Ariela Meizan

Personal information
- Native name: אריאלה מייזן

Sport
- Country: Israel
- Sport: Swimming Wheelchair basketball

Medal record
Representing Israel
Paralympic Games
Swimming
| Gold medal – first place | 1976 Toronto | 25m freestyle |
| Gold medal – first place | 1976 Toronto | 25m backstroke |
| Gold medal – first place | 1976 Toronto | 25m breaststroke |
Wheelchair basketball
| Bronze medal – third place | 1972 Heidelberg | Women's tournament |
| Gold medal – first place | 1976 Toronto | Women's tournament |
| Silver medal – second place | 1980 Arnhem | Women's tournament |
| Silver medal – second place | 1984 Stoke Mandeville | Women's tournament |

= Ariela Meizan =

Israeli paralympic athlete

Ariela Meizan (אריאלה מייזן) is a former Israeli paralympic swimmer and wheelchair basketball player. She won seven Paralympic medals, three individual medals in swimming and four medals as a member of the women's wheelchair basketball team.

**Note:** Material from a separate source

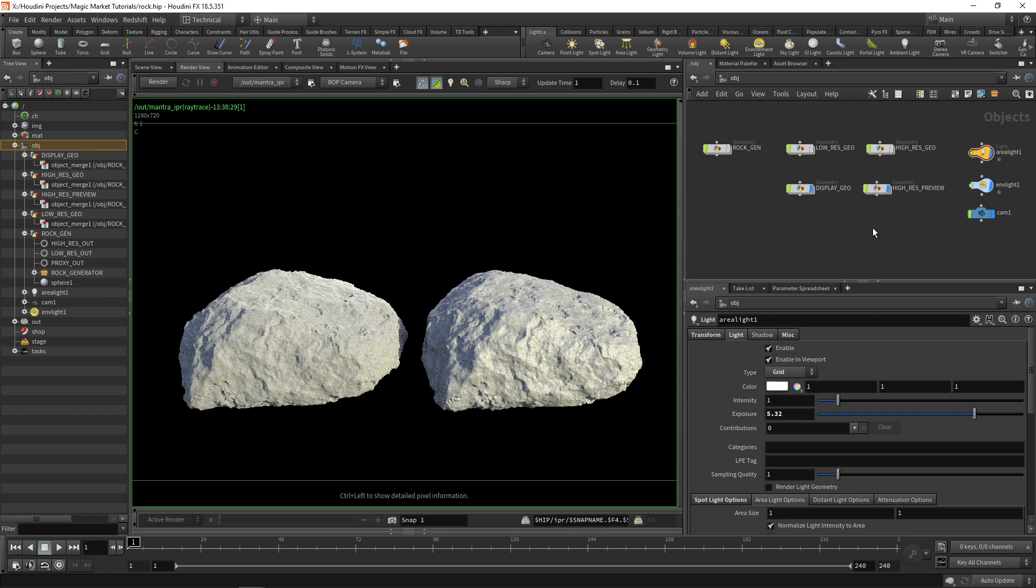In the next part we'll be doing the material - that will be a procedural rock material - and then in the part after that we'll get into TOPs.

At the 1972 Summer Paralympics, she won a bronze medal as a member of the women's team in wheelchair basketball. She took part in various tournaments in swimming and athletics, reaching fourth to eighth place in numerous competitions and failing to reach the final round in two others.

At the 1976 Summer Paralympics, she won four gold medals: one as a member of the women's basketball team and three individual medals in swimming.

Meizan was a member of Israel's women's wheelchair basketball team to three more Paralympic Games, winning silver medals at the 1980 Summer Paralympics and at the 1984 Summer Paralympics and making her final appearance at the 1988 Summer Paralympics.

Among her achievements at the IWAS World Games, at the 1970 Stoke Mandeville Games Meizan won three gold medals in swimming and in wheelchair fencing as well as other achievements, including a bronze medal in swimming. At the 1971 Stoke Mandeville Games she gained a gold medals in the 75m freestyle swimming tournament and as a member of the women's wheelchair fencing team. She won several gold medals in swimming at the 1978 Stoke Mandeville Games.